= Beginning of Section =

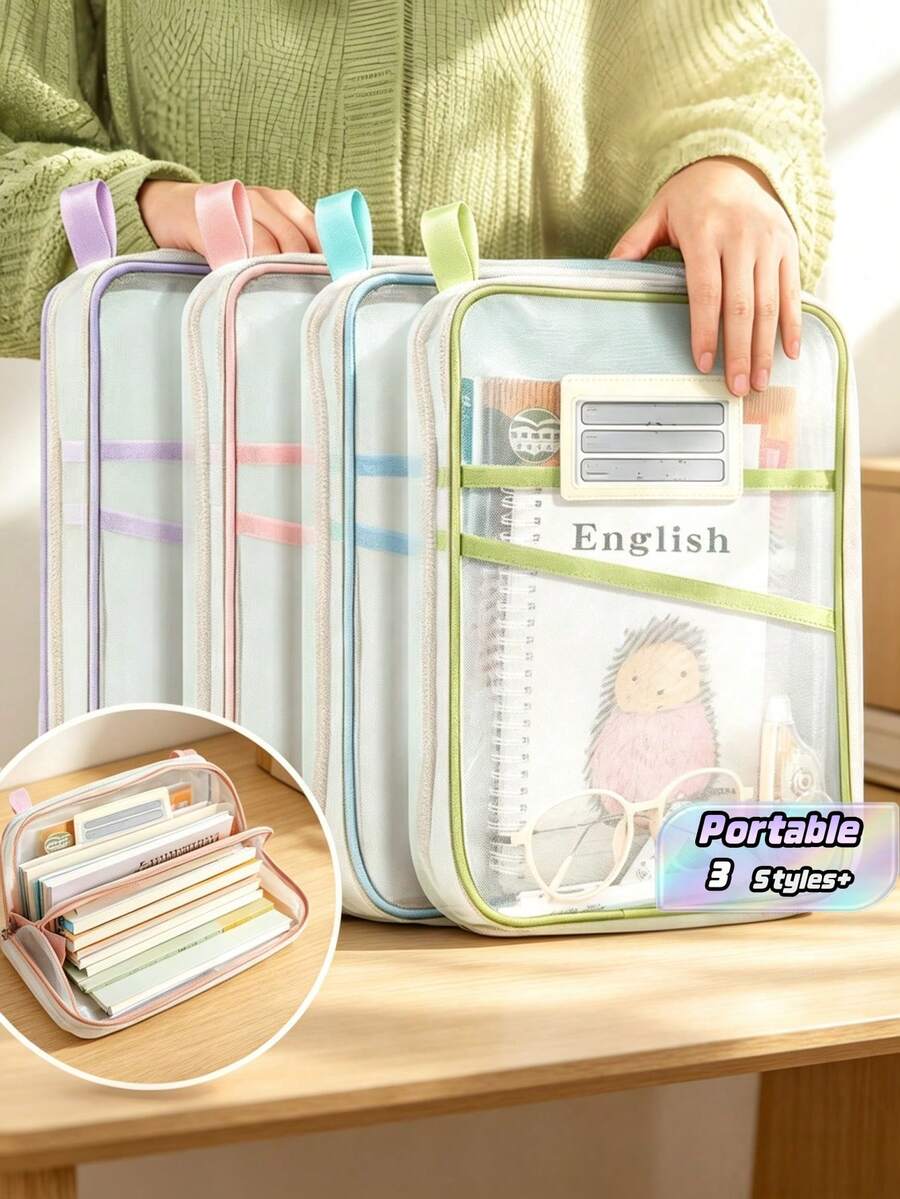 A4 Double-Layer Nylon Mesh Sorting Bags, Large Capacity Thickened L-Shaped Document Bags, Suitable For Students - Portable Backpack With Zipper And Handle, Can Be Used For Classroom Subject Classification And Homework Storage, School Supplies - A - View 1
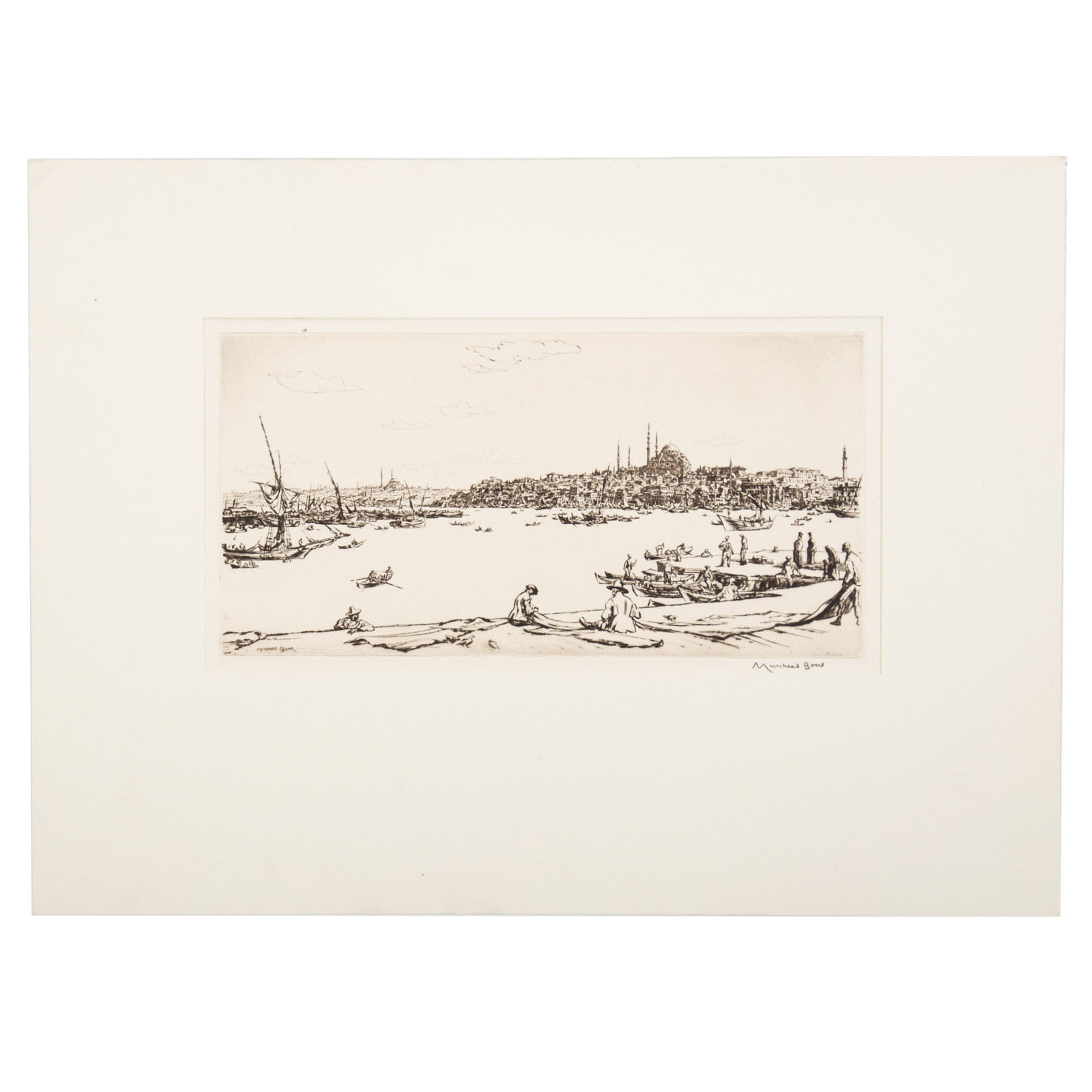 Appraisal: DAVID MUIRHEAD BONE CONSTANTINOPLE DRYPOINT British - Drypoint pencil signed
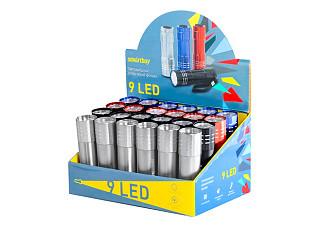 Фонарь SMARTBUY светодиодный алюминиевый  9 LED (SBF-103-B)/24шт. (1607) 7067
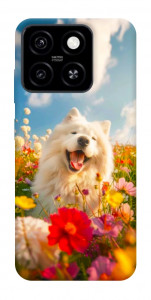Чохол Happy dog in flowers для ZTE Blade A55 4G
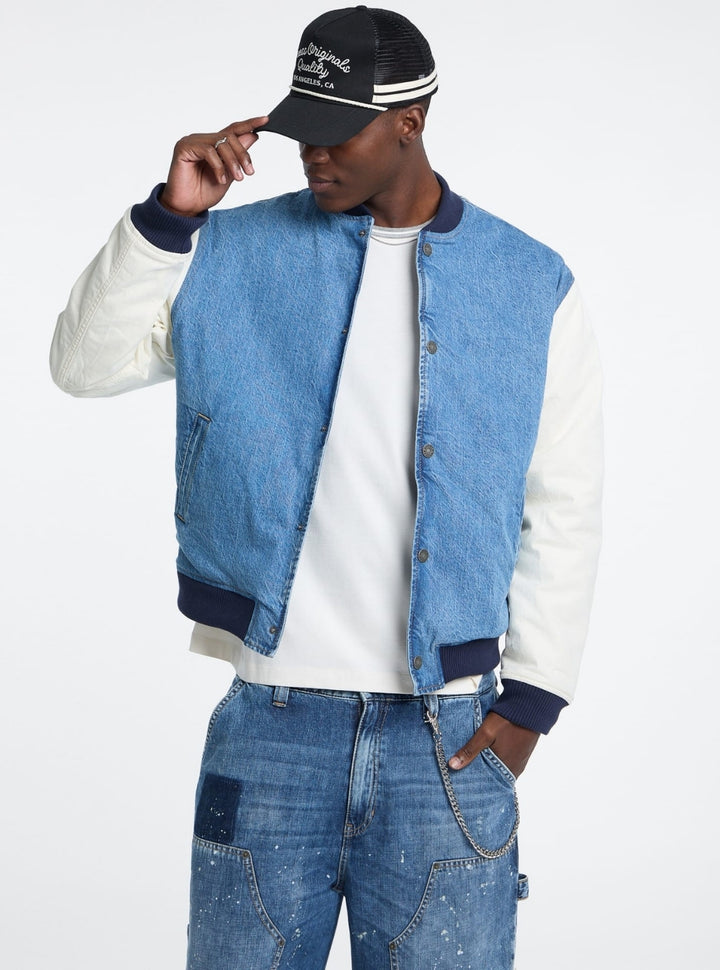 Guess Jeans Blue Denim Letterman Jacket M5BN59D5M54 Front View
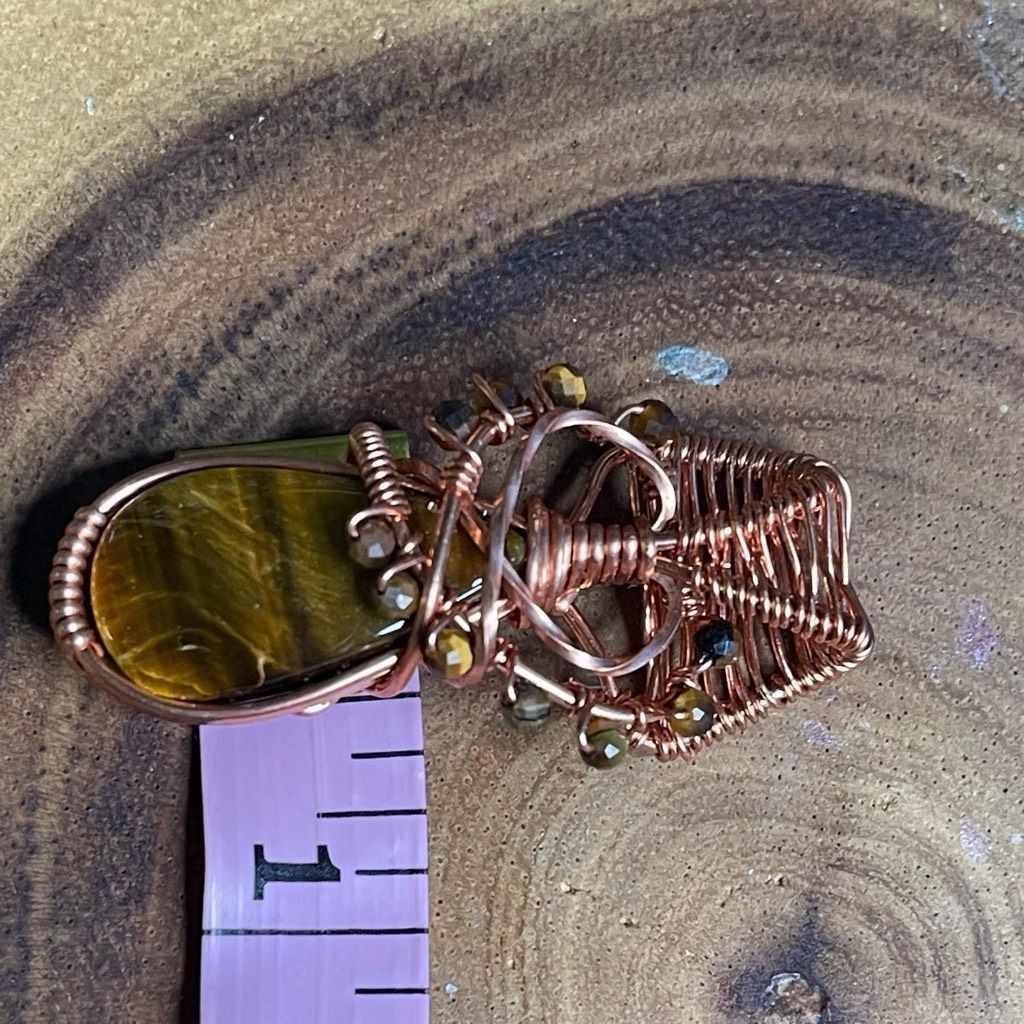 Handmade Wire wrapped tiger eye pendant handmade artisan faceted tigereye copper Size ONE SIZE - 3 Thumbnail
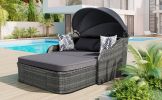 Outdoor Sunbed with Adjustable Canopy Rattan Daybed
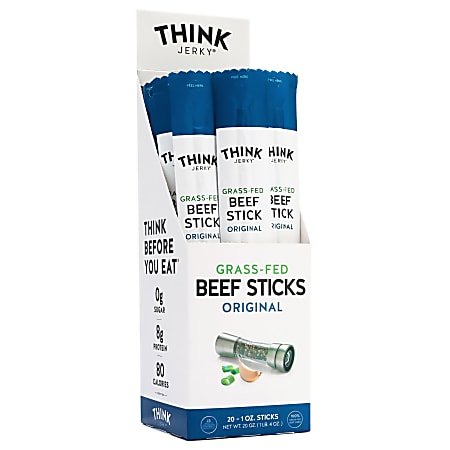 Think Jerky Grass-Fed Beef Sticks, 1 Oz, Pack Of 20 Sticks
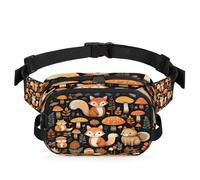 Sac Banane imperméable Motif Champignon Renard, Sac à bandoulière pour Femmes et Hommes, Cadeaux de Vacances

= End of Section =

> **TASK REQUIREMENTS**
Pictures are to be left out, and each line from the one that contains "Think Jerky Grass-Fed" through the end of the listing is to be copied exactly.

> **FINISHED TASK**
 Think Jerky Grass-Fed Beef Sticks, 1 Oz, Pack Of 20 Sticks
 Sac Banane imperméable Motif Champignon Renard, Sac à bandoulière pour Femmes et Hommes, Cadeaux de Vacances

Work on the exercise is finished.